Sheila Hicks: Art as a Vehicle to Your Ideas

American textile artist Sheila Hicks carried around in her everyday life and travels a small wooden frame loom. Serving as a “traveling sketchbook,” her work is often drawn from “commonly comprehensible life experiences.” (I love that phrase!) Her compositions, a visual dialogue, what she calls “intelligent play,” weave through her creations, a life long fascination with thread and cloth, “personal reflections and reactions to a given place.” From her “portable studio” her dynamic, miniature works, sometimes used as maquettes for larger pieces, speak to me beyond texture, pattern, and color.

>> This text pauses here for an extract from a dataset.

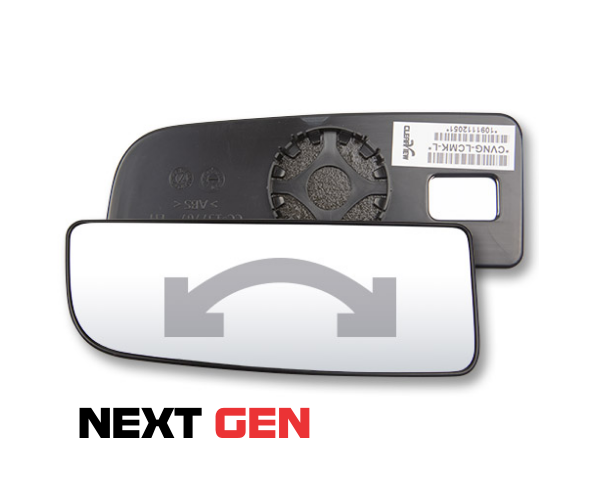 Clearview Next Gen mirror Lower Convex Mirror Kit [Next Gen] – component illustration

One of my favorite of her miniature works, “Olympic Bravery,” 1979.
She said, “The ship Olympic Bravery crashed into the rocks on the edge of the island. The metal gunwale split wide open and opened my eyes to broken surfaces.”
Learn more about the shipwreck: https://www.wrecksite.eu/
Image Credit: https://www.sheilahicks.com/

For Sheila, they are her explorer’s tools into the unknown world of expression and having something to say.   She inspires in me to think more deeply about my explorer’s tools as a writer and educator; my grid journal, index cards (I use these to write down passages, research entries), pencils and the sharpener I bought at the Peggy Guggenheim Museum on my memorable trip to Venice. And yes, the blank page to develop content, my personal handwriting, my “something to say” about the engagement with the visual expression. What can the visual world inspire in my writings; what “commonly comprehensible” truths will surface?